(a) The board of directors shall have the authority to fix the compensation of directors for services in any capacity unless otherwise provided in the charter or the bylaws.
(b) The board of directors may select or appoint one of their number to be chairman of the board of directors. The chairman of the board of directors or the president may appoint such vice-presidents as he deems necessary and prescribe their terms of office, compensation, and duties when authorized to do so by the bylaws of the corporation.
(c) Unless the bylaws otherwise provide, meetings of the board of directors, whether regular or special, may be held within or without this state. The time and place for holding meetings of the board of directors may be fixed by or under the bylaws, or, if not so fixed, by the board.
(d) Regular meetings of the board of directors may be held with or without notice, as may be prescribed in the bylaws. Special meetings of the board of directors shall be held upon such notice as is prescribed in the bylaws. Unless otherwise prescribed in the bylaws, written notice of the time and place of special meetings of the board of directors shall be given to each director either by personal delivery or by mail, telegram, cablegram, or radiogram at least two days before the meeting.
(e) Notice of a meeting of the board of directors need not be given to any director who signs a waiver of notice either before, during, or after a meeting. Attendance of a director at a meeting shall constitute a waiver of notice of such meeting and a waiver of all objections to the place of the meeting, the time of the meeting, and the manner in which it was called or convened, provided that a director may state at the beginning of the meeting any such objection to the transaction of business.
(f) Neither the business to be transacted at nor the purpose of any regular or special meeting of the board of directors need be specified in the notice or waiver of notice of such meeting, unless required by the bylaws.
(g) A majority of the directors present, whether or not a quorum exists, may adjourn any meeting of the board of directors to another time and place.
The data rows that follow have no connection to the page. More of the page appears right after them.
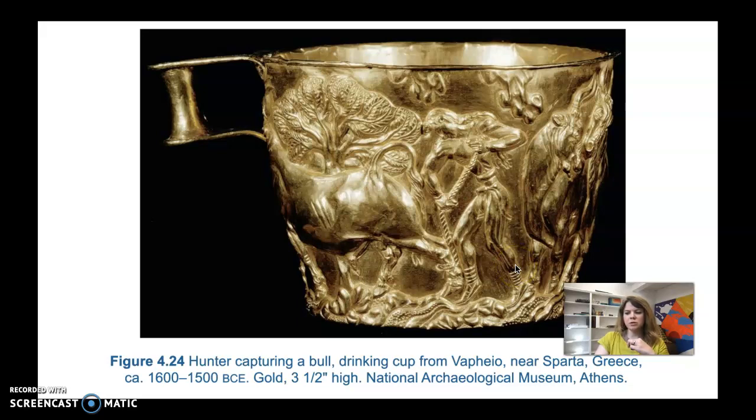It shows hunters attempting to capture wild bulls. This particular scene shows a hunter sneaking up behind a bull, putting a noose around its hind leg. You can see landscape in the background — a tree and some foliage — which is a little unusual. We haven't seen much setting in the pieces covered so far. The exceptional technical quality of the cup is really astounding for this time period.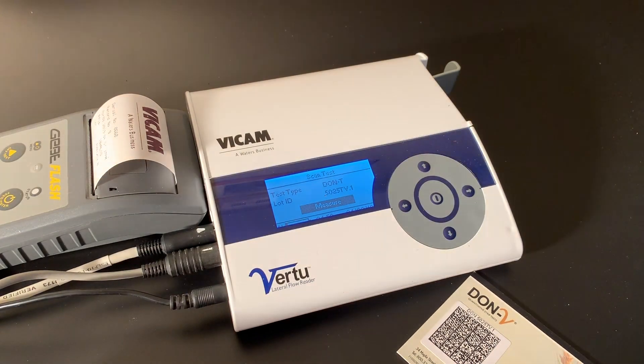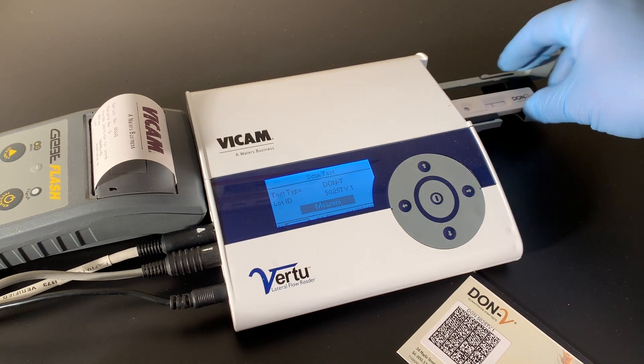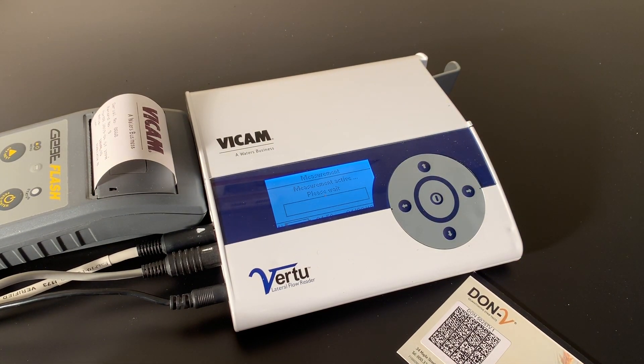When the 5-minute timer is complete, scan the Virtu calibration barcode unique to the test. There is a different barcode for every lot of strips. Place the strip inside the Virtu reader with the round opening facing inwards.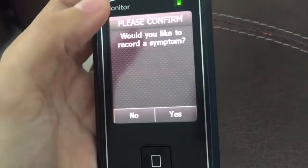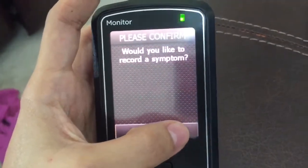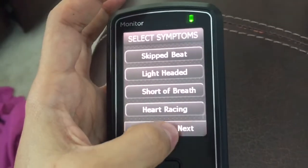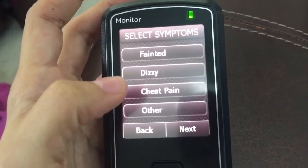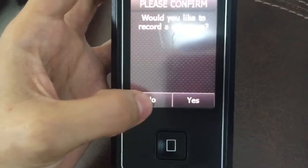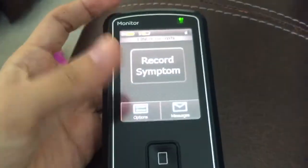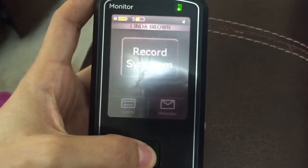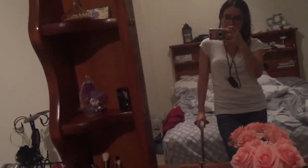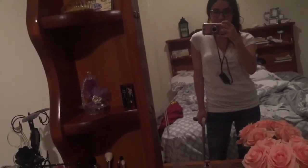I'll click over here to show the symptom recording — I can select options like lightheaded, shortness of breath, heart racing, fainted, dizzy, chest pain, and other. But I don't have any symptoms so I'm not going to record anything. I'm putting the device to sleep — it's still on but in sleep mode. That's it, I'm ready to go. This is my Holter monitor routine. Hope you find this useful if you're about to use one or got prescribed one. Good luck!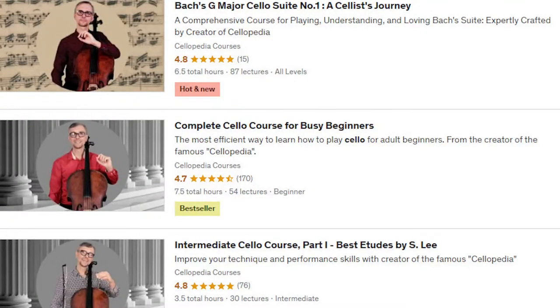If you are still here, that means you might be interested in exploring my cello courses. There are several courses to choose from, and if you like some of them, you might even get a special discount if you use the link in the description.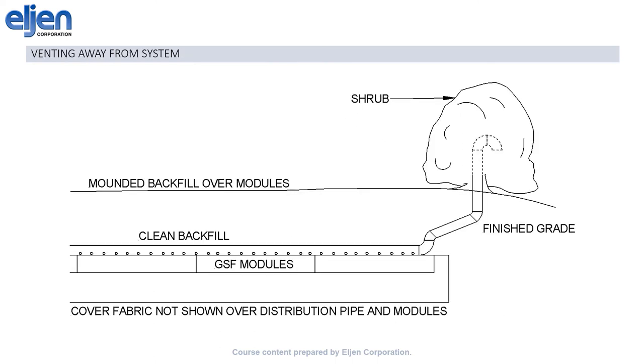If a vent is undesirable at the system location, venting away from the system is also acceptable, provided a positive slope is maintained on the solid pipe.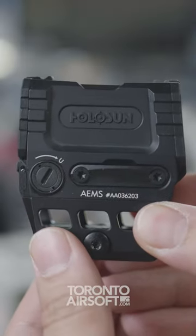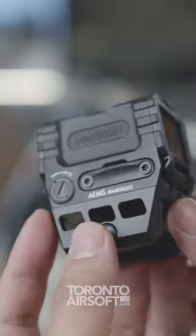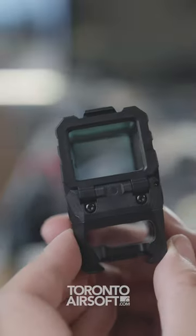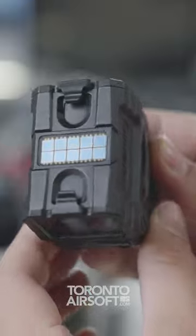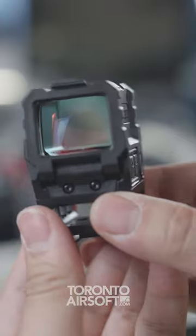This is the Holosun AEMS, or Advanced Enclosed Microsight, which is Holosun's take on an EOTech style of optic. Very unique metal body design with solar panel and large eyebox — this optic is a dream to use.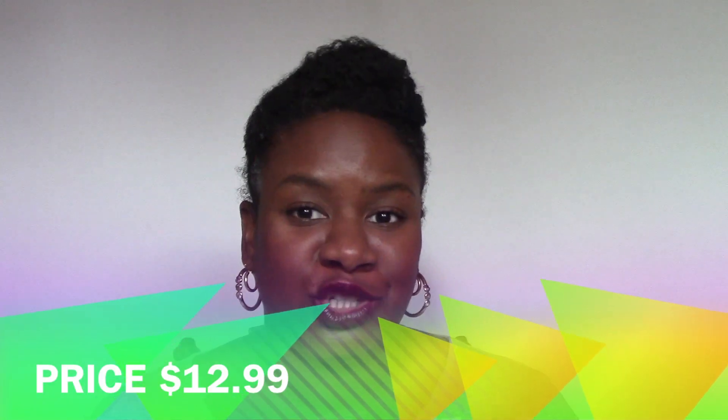Because you're getting about seven ounces for whatever the price is, I believe you can get the Aztec jar of it for a cheaper price. The last beauty hack I got from Shea Moisture is this one.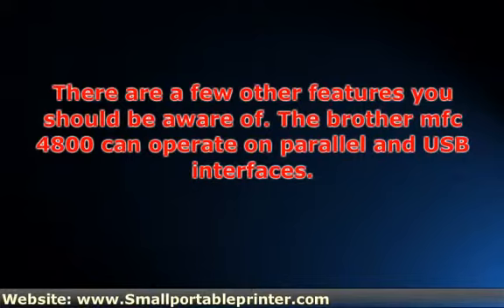The 4800 is extremely easy to use. If you're an all-in-one novice, then you should think about using this model as a starter machine — it would be a small investment. An enormous benefit for the MFC-4800 is that ink consumption is low. This is extremely difficult to find, and many owners of the Brother MFC-4800 are very appreciative of this.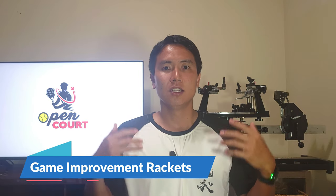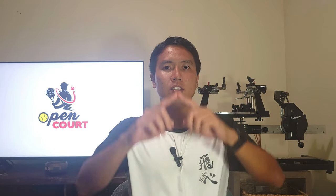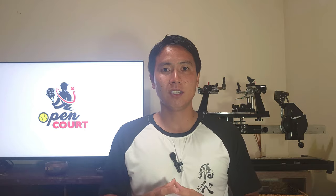Let's start with the first category: power rackets, otherwise known as game improvement rackets. They're classified as power rackets because they get a lot of power due to having a large head size, usually over 100 square inches. They also have very thick beams, anywhere from 25mm and up. Power rackets have a low overall weight but are weighted more towards the head, because that head-heavy balance gives them momentum to win the collision with the ball and send it back with more force.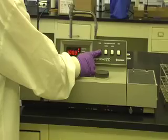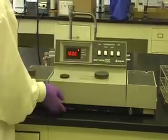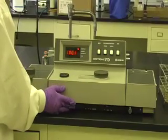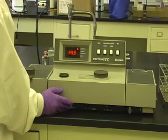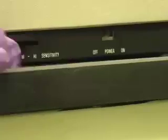Use the mode selector, the first button to the right of the digital readout, to select the operating mode: either transmittance, absorbance, or concentration. Set the sensitivity switch to low. The sensitivity switch is located along the bottom edge of the machine, to the left of the power switch.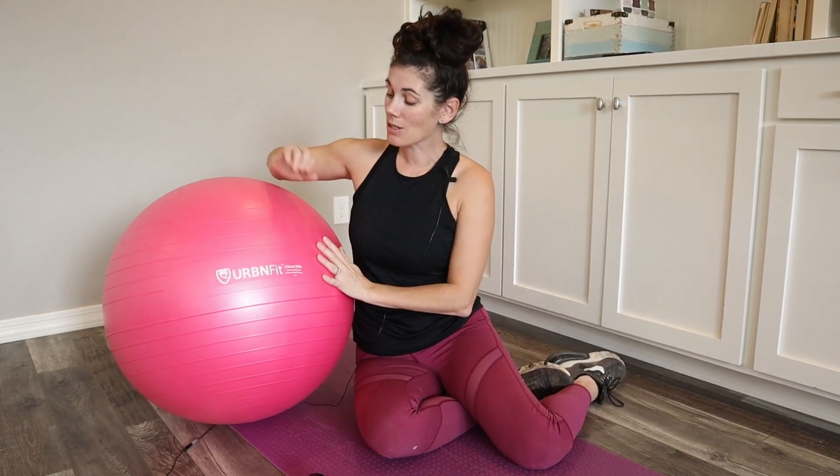My husband and I both use these balls morning to night as we stretch and do some workouts. It has made such a huge difference on how loosey goosey we feel, and it's really helping with the toning. You feel good the rest of the day, less stiff. This has been a really great addition to our workouts.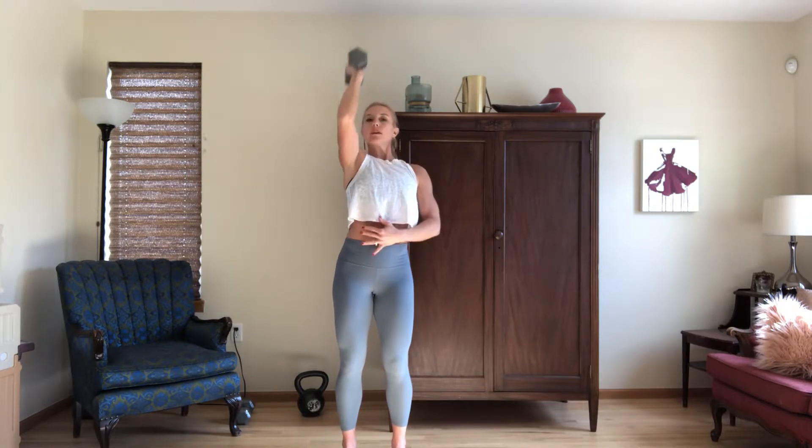Brace through your core, and you want to use a heavier weight here. You're going to drive that weight up and overhead. Keep the elbow in line with the shoulder as you bring it right back down.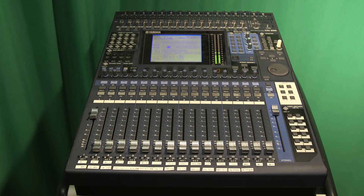Only use gain if necessary. Usually, this is in the case of individuals with very low voices. That is how you utilize the audio board in M&N's Express Studios. Thank you for watching.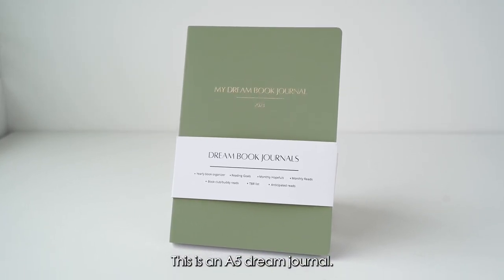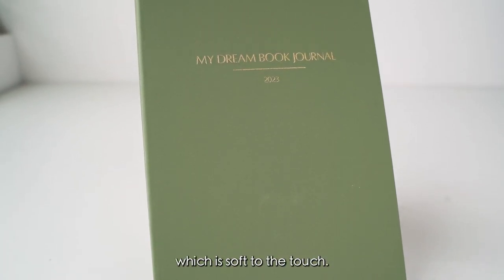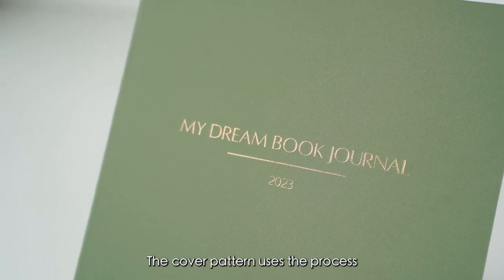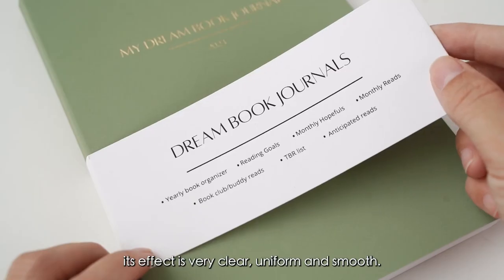This is an A5 dream journal. Its cover material is pure leather, which is soft to the touch and is water and oil resistant. The cover pattern uses the process of gold foil stamping. Its effect is very clear, uniform and smooth.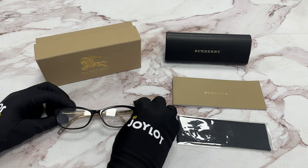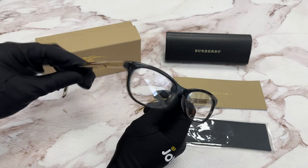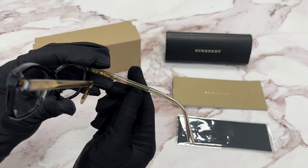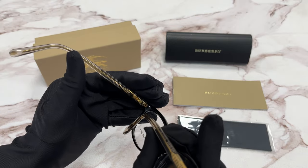The color of the frame is black and gold. It has a cat eye shape. It's made in Italy and has a size of 54 for the lenses, 16 for the bridge, and 140 for the temple.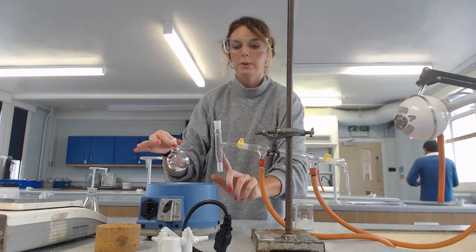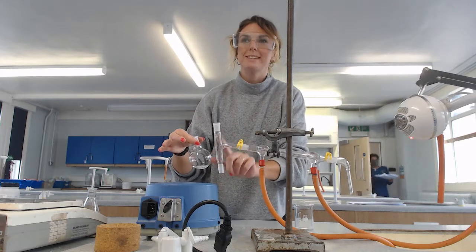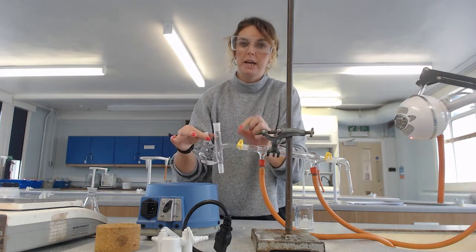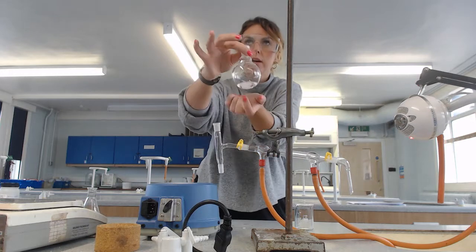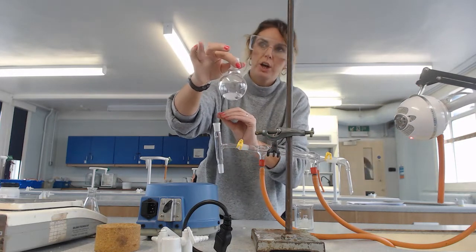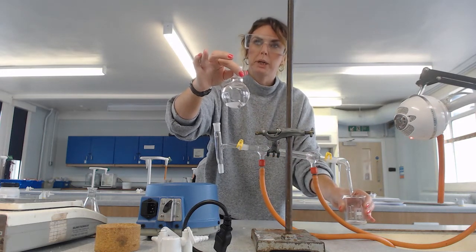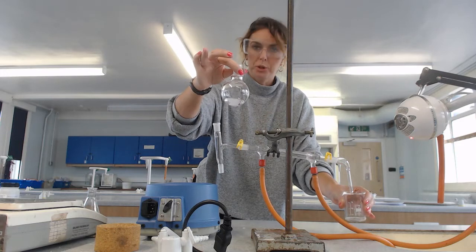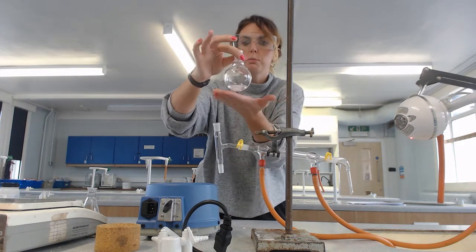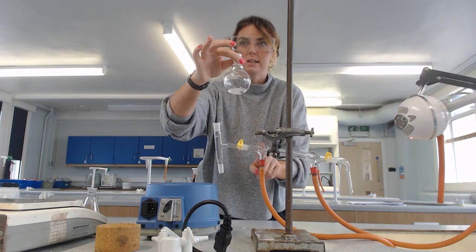We don't want it boiling so vigorously that it comes up the tube and into the condenser, because if that happens we've got immediate contamination. If there are any impurities in here, they'll come up and go down into the condenser and into our collection flask where we want to collect our pure product. We want to ensure a smooth boil so that only the vapor comes up and out into the condenser.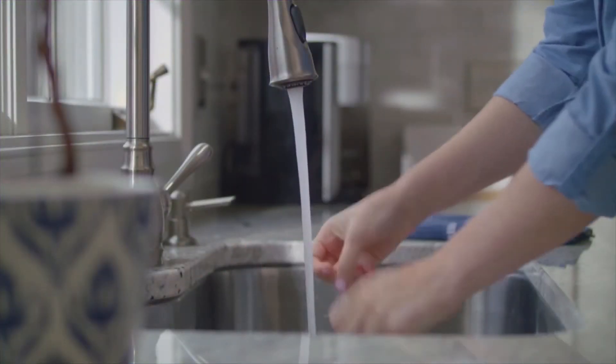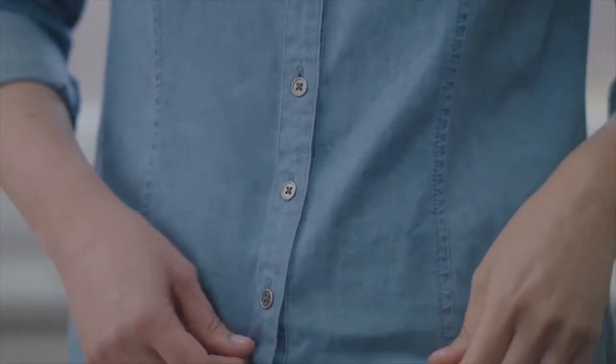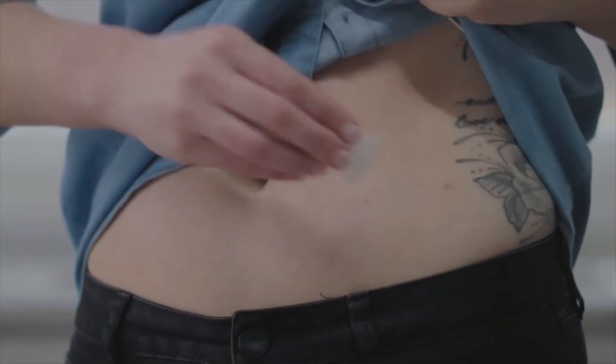First, wash and dry your hands. Choose a site to insert your sensor. Clean the site with rubbing alcohol and let it dry.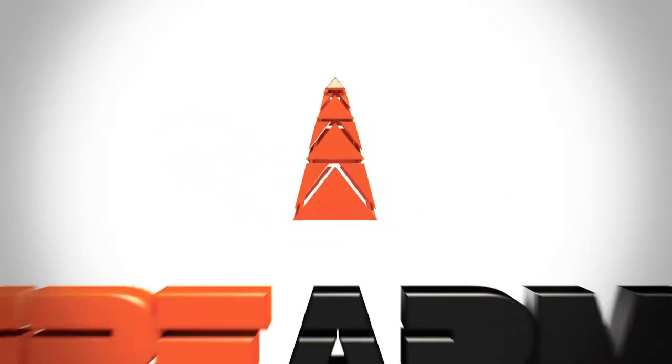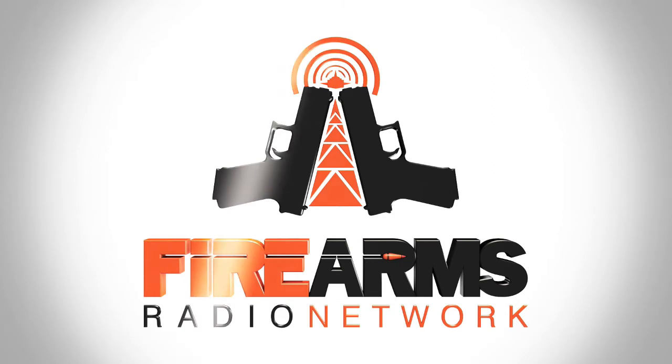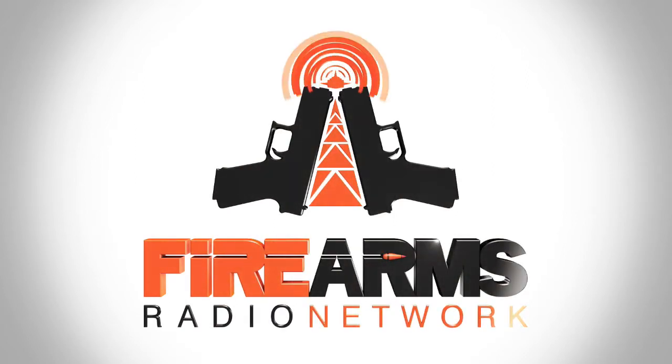The bandwidth for this episode of the AR-15 podcast is sponsored by the Firearms Radio Network. Firearmsradio.tv.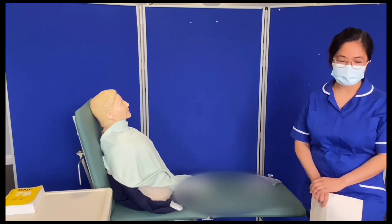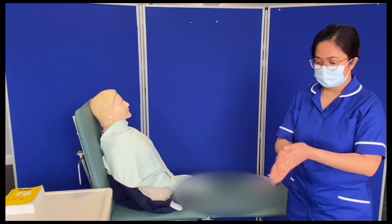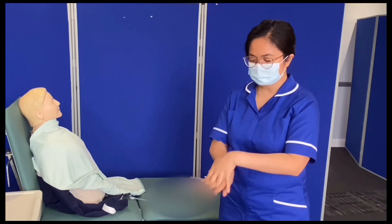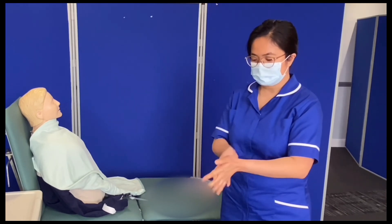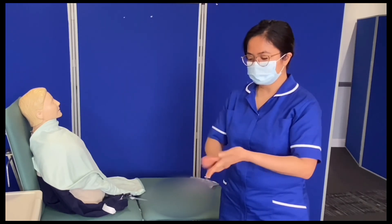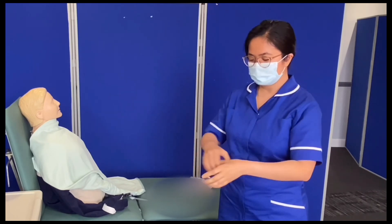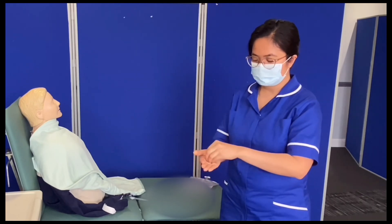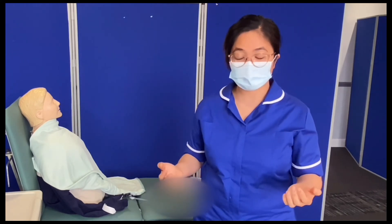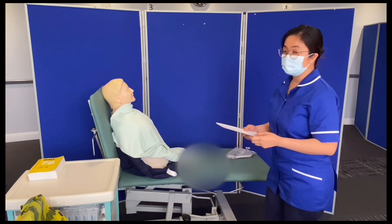For approaching the patient, you have to do your hand hygiene — clean your hands using the WHO seven steps of hand hygiene: back of the hands, fingers interlaced, fingers interlock, rotational movement of the thumb, and fingertips. Then make sure your hands are dry for 30 seconds. Now you can safely approach your patient.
Unless the bylaws otherwise provide, notice of any such adjourned meeting shall be given to the directors who were not present at the time of the adjournment and, unless the time and place of the adjourned meeting are announced at the time of the adjournment, to the other directors.
(h) Meetings of the board of directors may be called as prescribed by the bylaws or, if there is no such provision in the bylaws, by the chairman of the board, or, if there is no chairman, by the president of the company.
(i) Unless the articles of incorporation or the bylaws provide that a different number shall constitute a quorum, a majority of the number of directors fixed by the bylaws, or, in the absence of a bylaw fixing the number of directors, then of the number stated in the articles of incorporation or of the number last fixed by the shareholders, shall constitute a quorum for the transaction of business. In no case shall less than one-third of the total number of directors or fewer than two directors constitute a quorum.
(j) The vote of a majority of the directors present at the time of the vote, if a quorum is present at such time, shall be the act of the board of directors, unless the vote of a greater number is required by the articles of incorporation or the bylaws.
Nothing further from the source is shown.